Just saw a girl leaving CVS on her bike with a case of beer. She tried to ride one handed with the case under her other arm and fell over off the sidewalk. I'm glad to see someone else's life is a bigger joke than mine.
You don't have to believe me. My vagina knows it happened.
I feel like someone kicked me repeatedly in the ribs. I don't think sex is supposed to do that.
I woke up with a black eye, bruised knuckles, wearing women's clothing, in a house I did not recognize, next to a solid 9. Thank you for making 21 special.
May or may not have just lost a contact hanging out Anthony's sunroof. Drunk. Hint: I can only see out of one eye right now.
Why can't I hire someone to teach me how to be a decent human being?
Stop thinking your God dude. You passed out. God doesn't pass out...
God I hope the gutter I die in is nice. You know, for a gutter.

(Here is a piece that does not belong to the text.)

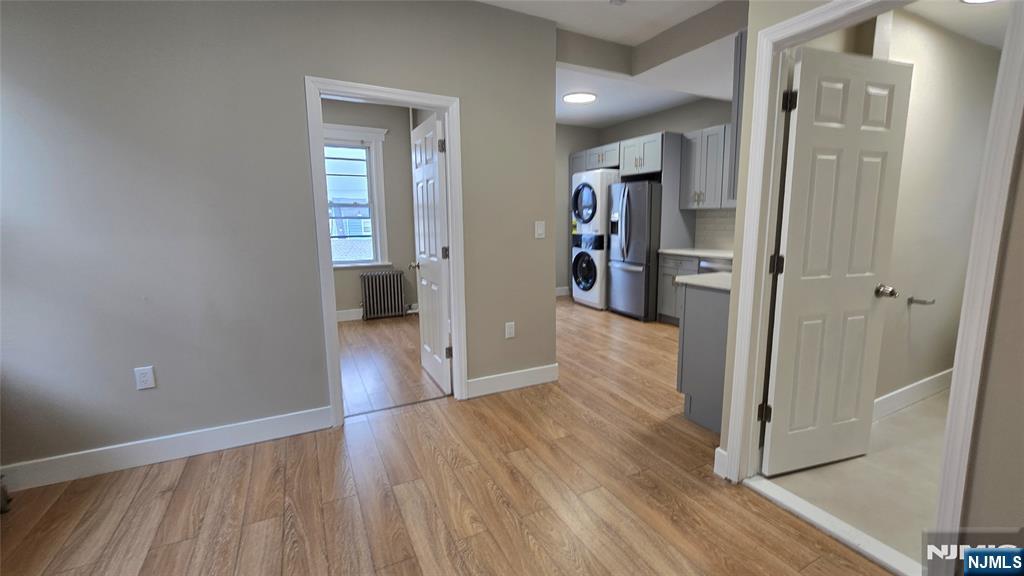 411 Lanza Avenue 2 - Photo 2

Do you have any need for a scary clown mask?
one renamed every person in my phone 'I lpvw tewqils', so it would really help me out if you could text me your name. Happy sunday!
God I miss you. I want to fuck your face... Then do all the girly cuddly shit too.
If you had amazing eyebrows i'd have sex with them.
Pennsylvania now holds the distinct honor of being the third state I've crapped my pants in.
Ok fell asleep on a bus in south Carolina just woke up in Canada where the hell is the liquor store from here?!
Neighbor just came over and asked if I had anything to clean blood out of carpet... it's definitely time to move.